I'm a woman in transition: from being married to being single; from trying to appear perfect to trying to be vulnerable and authentic. Basically, I'm trying to love myself for who I am--for my imperfections AND my awesomeness.

I've always loved quotes and poems. They ground me and give me a topic on which to reflect. In this blog, I'll share a quote that has touched me that day and then what comes to mind when I think and feel about it.

These are my reflections as I go on my journey. As I open myself up to share them with you, I hope that they'll impact you as well and you'll share your reflections with me.

Sunday, March 18, 2012

Losing Yourself

To me there is in happiness an element of self-forgetfulness. You lose yourself in something outside yourself when you are happy; just as when you are desperately miserable you are intensely conscious of yourself, are a solid lump of ego weighing a ton.   --J.B. Priestley, 1894 – 1984

I just got back from the beach.  My mom has a condo there for a couple of months and her time is almost done and it is my first time there.  In my eyes, that is a sin--not just because I should spend more time with my mom, but because it is the beach, for Goddess' sake!

I got there and was in my swimsuit and on the sand with my book and a beach chair in record time.  I read an entire fluff book there on the beach.  Then I had friends come join me and we had an evening of drinking and being just silly.  They actually couldn't go to sleep because we were laughing too much.  How awesome is that?  This morning we meant to workout or walk or be productive.  But I sat around and read and ate cookies for breakfast instead.  Productivity will come later. 

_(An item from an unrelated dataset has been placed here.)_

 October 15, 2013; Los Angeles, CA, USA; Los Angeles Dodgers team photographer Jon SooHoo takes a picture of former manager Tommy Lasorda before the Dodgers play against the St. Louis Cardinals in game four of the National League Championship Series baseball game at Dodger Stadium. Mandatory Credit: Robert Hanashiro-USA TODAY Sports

There are times we take all of our lives too seriously and we need to have some "self-forgetfulness."  A drink, the sound of the beach, a good walk on the sand and a good laugh. 

I've had enough time of being a solid lump of ego weighing a ton.  And I'm sure I'll have more (my Monday morning is going to pack quite a punch of that, I'm sure), but for 24 hours, I was very grateful to just "lose myself."

1 comment:

  1. Beth and I call that Frivolous Fun. And we have pledged to search it out on more occasions.